In the records below, begin at the line containing "A customer wrote: The" and end at the line containing "So here's our"; quote every line in that span exactly, including both boundary lines, and no others.

Data provided.
════════════════════

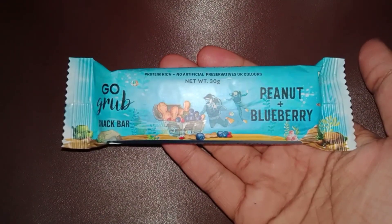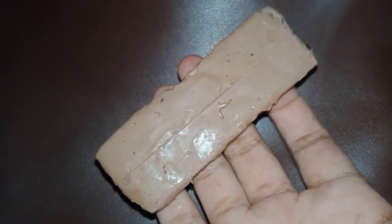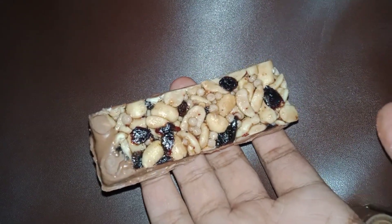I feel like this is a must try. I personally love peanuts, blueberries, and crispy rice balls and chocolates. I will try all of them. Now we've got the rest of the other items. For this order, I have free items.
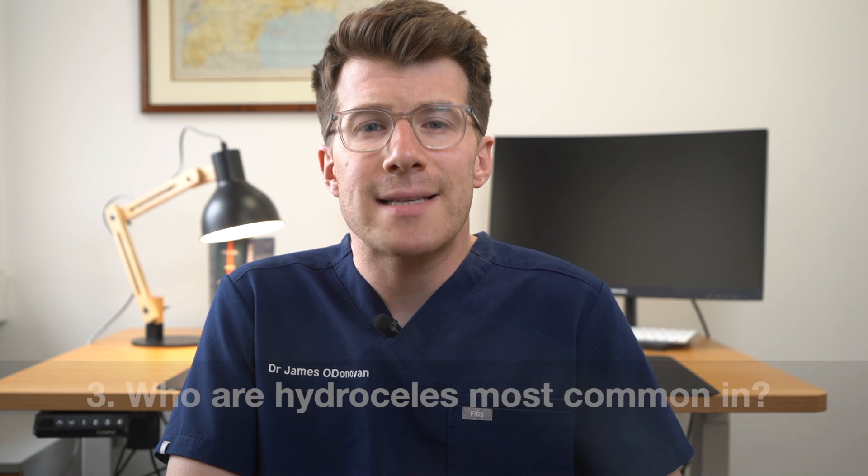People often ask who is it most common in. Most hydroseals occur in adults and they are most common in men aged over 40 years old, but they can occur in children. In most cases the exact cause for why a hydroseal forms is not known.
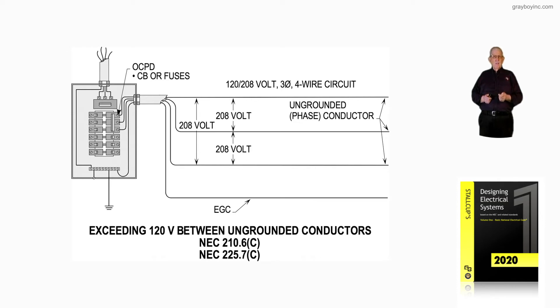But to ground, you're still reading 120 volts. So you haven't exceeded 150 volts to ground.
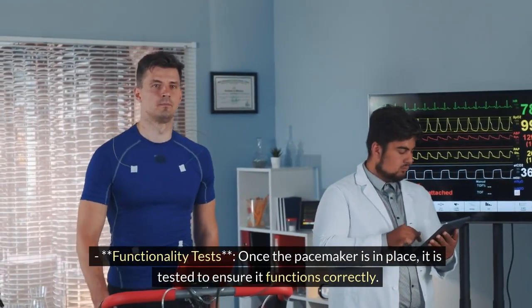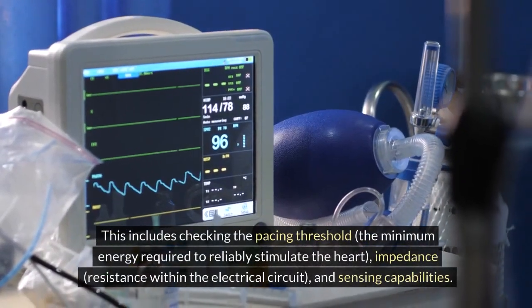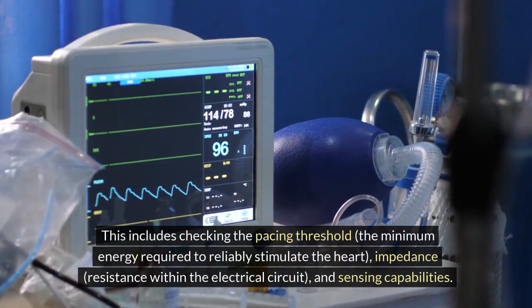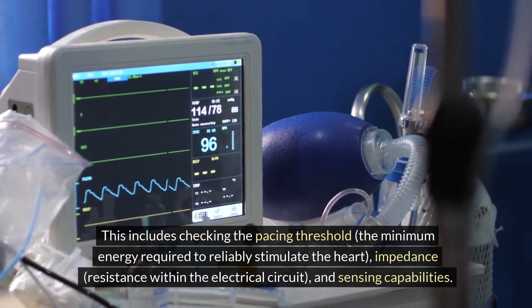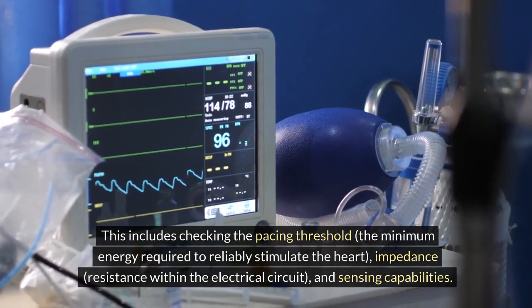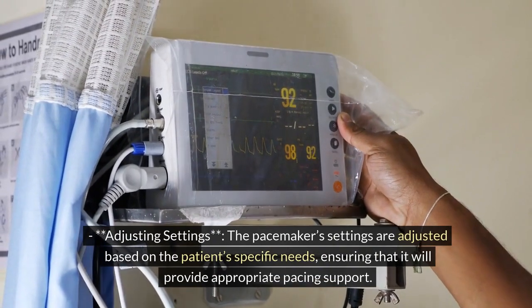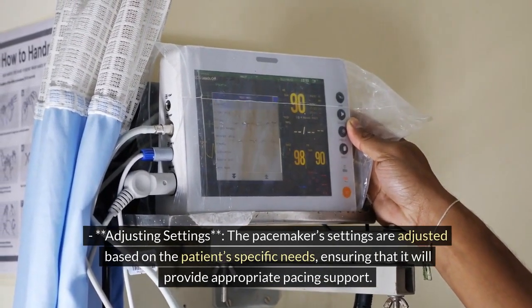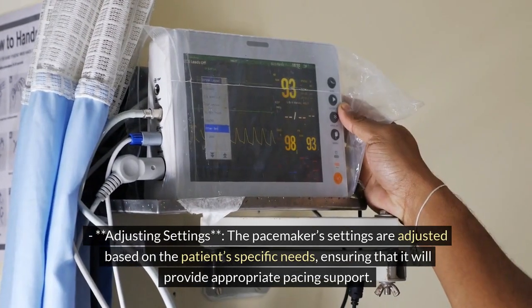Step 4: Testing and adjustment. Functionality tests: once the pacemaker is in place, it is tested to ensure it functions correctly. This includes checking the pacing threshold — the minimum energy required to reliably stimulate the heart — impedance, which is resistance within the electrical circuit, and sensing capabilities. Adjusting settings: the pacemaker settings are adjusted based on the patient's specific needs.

════════════════════

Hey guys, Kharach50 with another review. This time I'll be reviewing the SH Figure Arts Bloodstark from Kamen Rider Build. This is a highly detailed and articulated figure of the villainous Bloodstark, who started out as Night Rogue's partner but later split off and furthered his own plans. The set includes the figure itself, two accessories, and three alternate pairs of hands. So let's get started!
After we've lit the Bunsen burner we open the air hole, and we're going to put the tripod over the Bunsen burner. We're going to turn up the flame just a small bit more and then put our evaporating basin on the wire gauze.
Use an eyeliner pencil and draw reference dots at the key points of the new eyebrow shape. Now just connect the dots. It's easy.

════════════════════

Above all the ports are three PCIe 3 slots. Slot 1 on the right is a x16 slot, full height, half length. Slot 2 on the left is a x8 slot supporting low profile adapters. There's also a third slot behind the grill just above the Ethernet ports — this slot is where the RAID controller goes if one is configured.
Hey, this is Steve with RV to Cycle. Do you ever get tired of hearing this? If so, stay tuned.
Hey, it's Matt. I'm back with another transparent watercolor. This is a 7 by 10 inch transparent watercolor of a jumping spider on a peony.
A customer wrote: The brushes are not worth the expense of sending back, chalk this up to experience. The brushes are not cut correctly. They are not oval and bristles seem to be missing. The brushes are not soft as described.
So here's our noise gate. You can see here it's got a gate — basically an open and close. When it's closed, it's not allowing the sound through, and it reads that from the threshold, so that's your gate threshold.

════════════════════

Exercise response.
A customer wrote: The brushes are not worth the expense of sending back, chalk this up to experience. The brushes are not cut correctly. They are not oval and bristles seem to be missing. The brushes are not soft as described.
So here's our noise gate. You can see here it's got a gate — basically an open and close. When it's closed, it's not allowing the sound through, and it reads that from the threshold, so that's your gate threshold.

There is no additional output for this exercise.